━━━━━ INPUT DATA

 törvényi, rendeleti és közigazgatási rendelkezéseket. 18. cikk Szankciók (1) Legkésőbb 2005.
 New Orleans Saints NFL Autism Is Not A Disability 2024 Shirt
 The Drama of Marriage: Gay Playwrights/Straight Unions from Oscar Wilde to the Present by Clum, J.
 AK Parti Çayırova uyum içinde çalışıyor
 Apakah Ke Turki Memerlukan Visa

━━━━━━━━━━
━━━━━ INPUT DATA

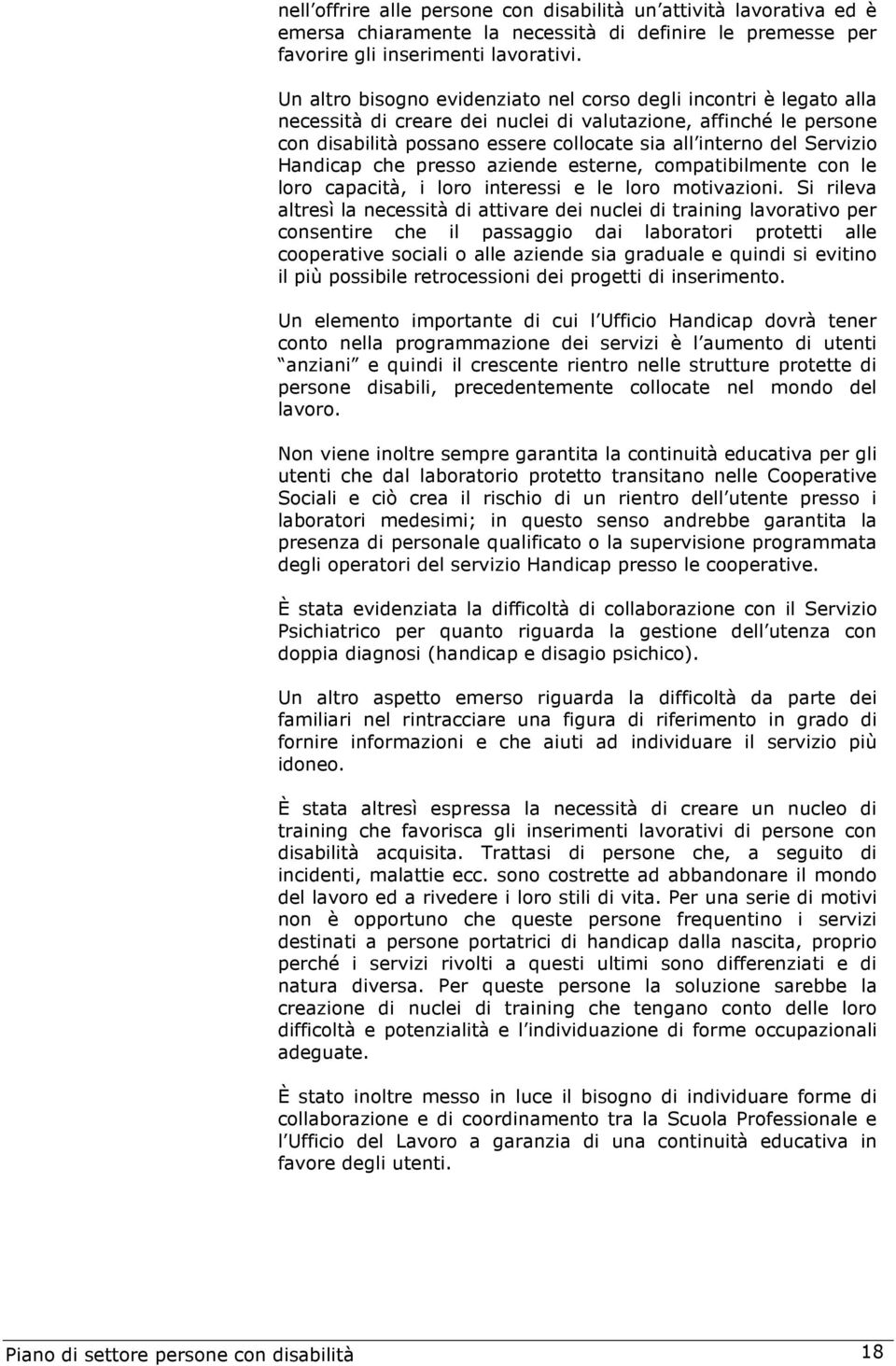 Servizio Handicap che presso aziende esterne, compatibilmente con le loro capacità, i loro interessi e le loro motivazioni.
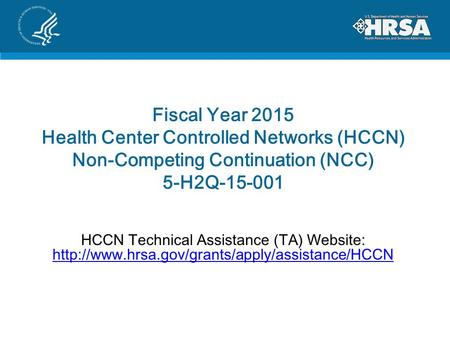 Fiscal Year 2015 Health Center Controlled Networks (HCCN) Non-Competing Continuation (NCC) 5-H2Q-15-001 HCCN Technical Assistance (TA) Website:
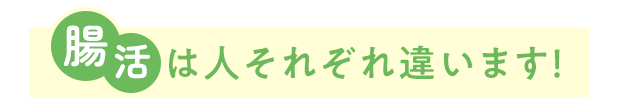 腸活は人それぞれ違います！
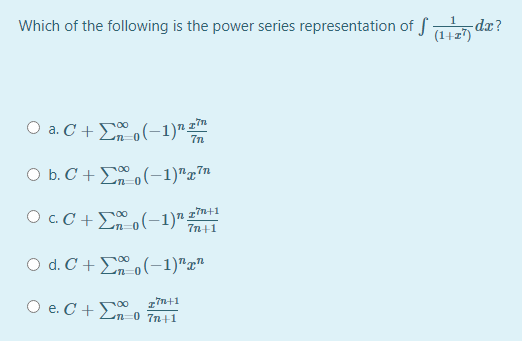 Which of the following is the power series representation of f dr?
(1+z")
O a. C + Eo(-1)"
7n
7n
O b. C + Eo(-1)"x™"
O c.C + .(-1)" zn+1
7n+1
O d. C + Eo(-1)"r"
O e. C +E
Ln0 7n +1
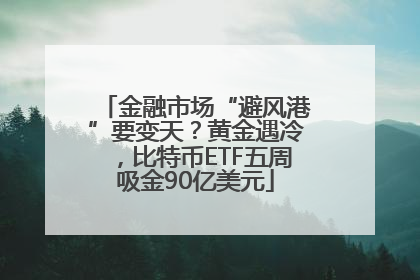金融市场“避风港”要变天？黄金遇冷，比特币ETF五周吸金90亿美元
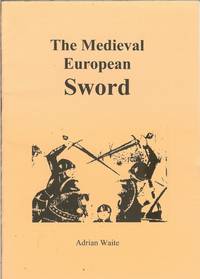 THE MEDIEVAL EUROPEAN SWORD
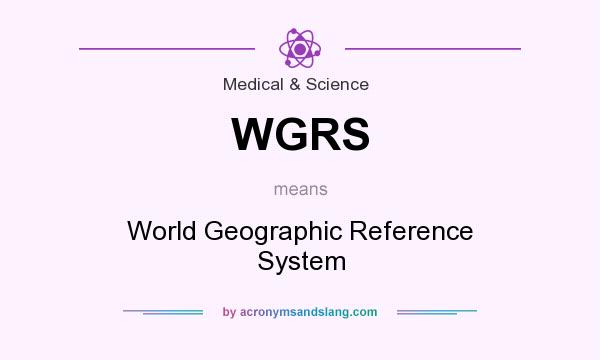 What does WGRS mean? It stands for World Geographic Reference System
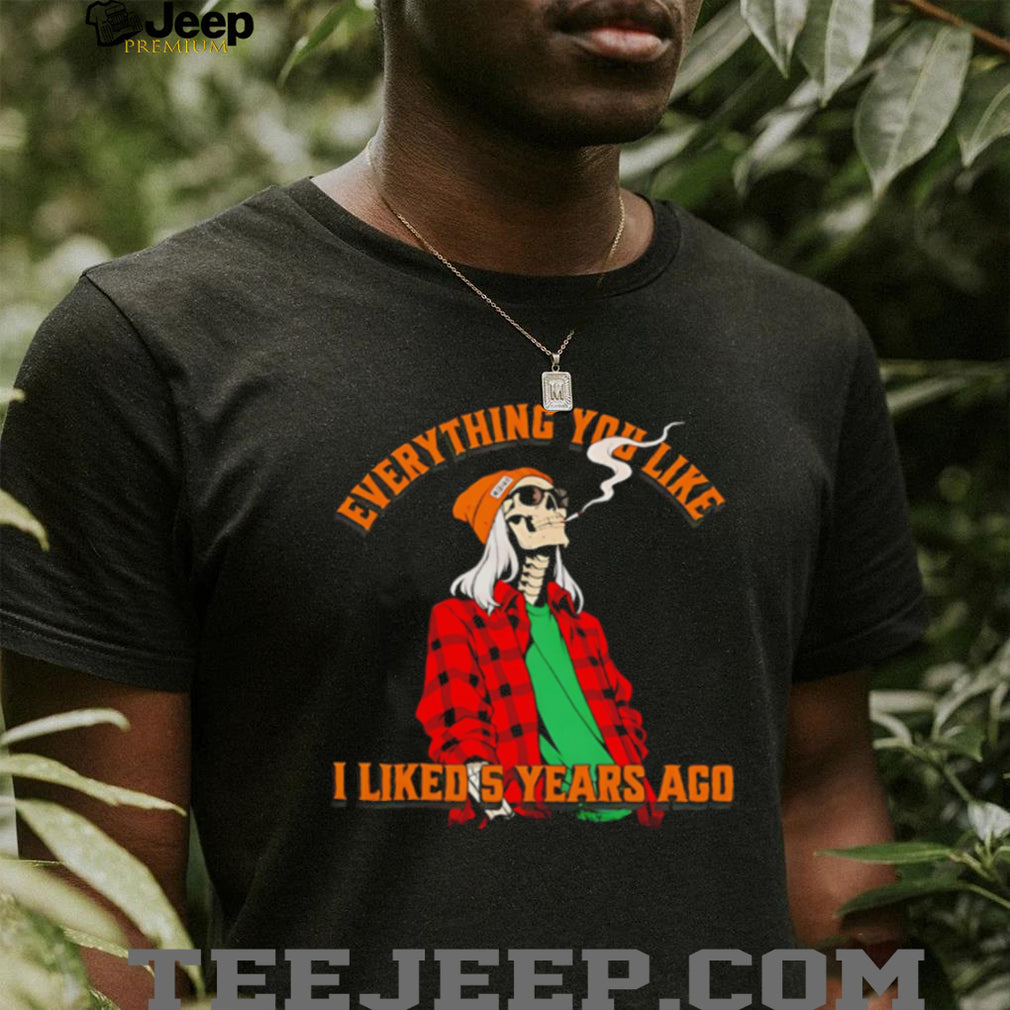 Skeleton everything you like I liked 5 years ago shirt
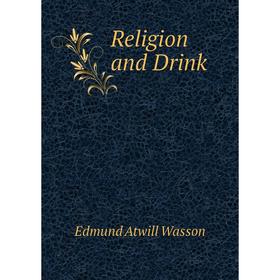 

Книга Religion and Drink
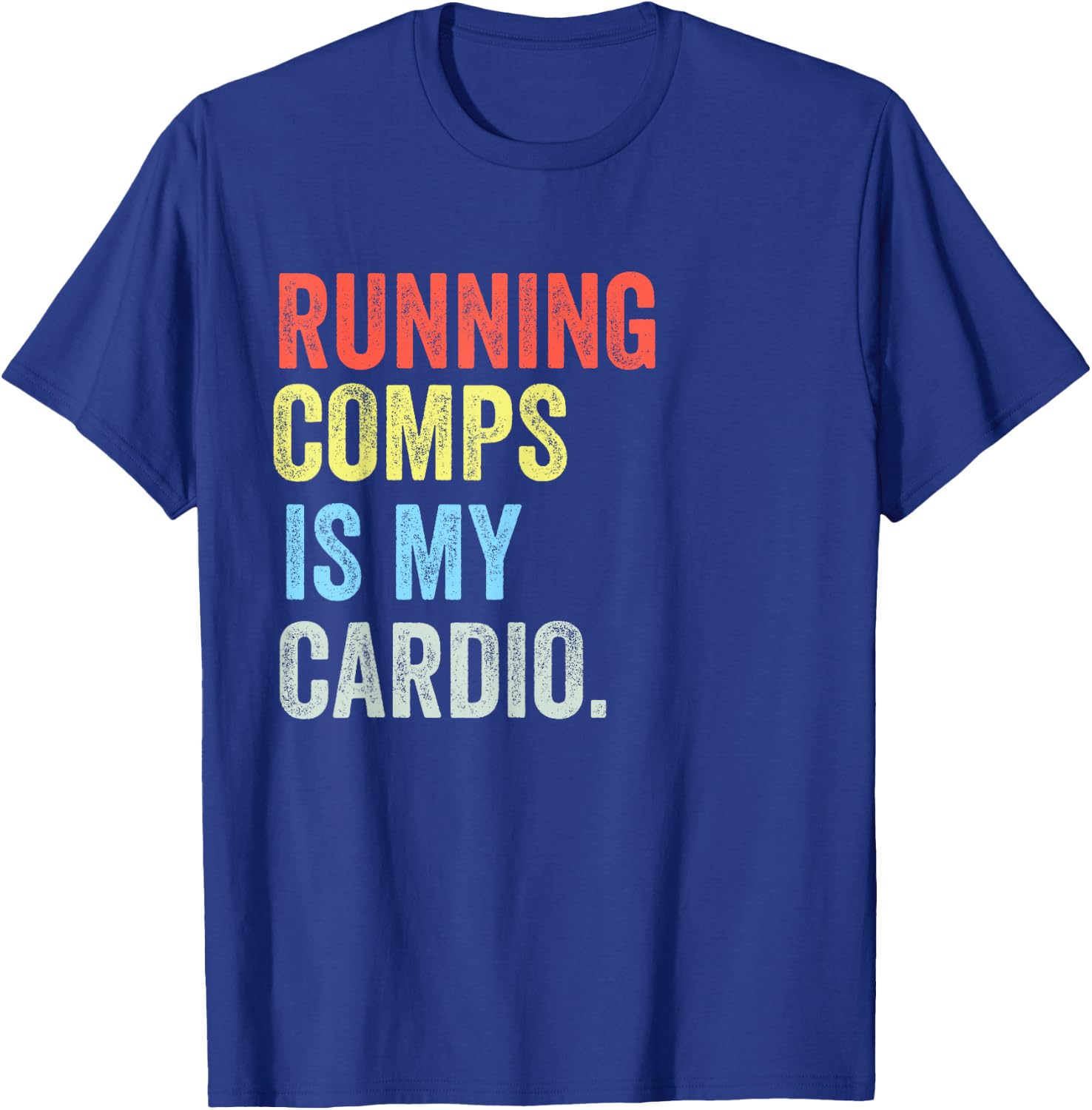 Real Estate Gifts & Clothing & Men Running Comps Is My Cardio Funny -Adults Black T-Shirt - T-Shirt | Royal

━━━━━━━━━━

## ABOUT THIS TASK
Go back to the lines above and output, exactly as they stand, the ones from the line containing "Servizio Handicap che" to the line containing "Fiscal Year 2015". Leave all pictures behind.

## RESULT
 Servizio Handicap che presso aziende esterne, compatibilmente con le loro capacità, i loro interessi e le loro motivazioni.
 Fiscal Year 2015 Health Center Controlled Networks (HCCN) Non-Competing Continuation (NCC) 5-H2Q-15-001 HCCN Technical Assistance (TA) Website:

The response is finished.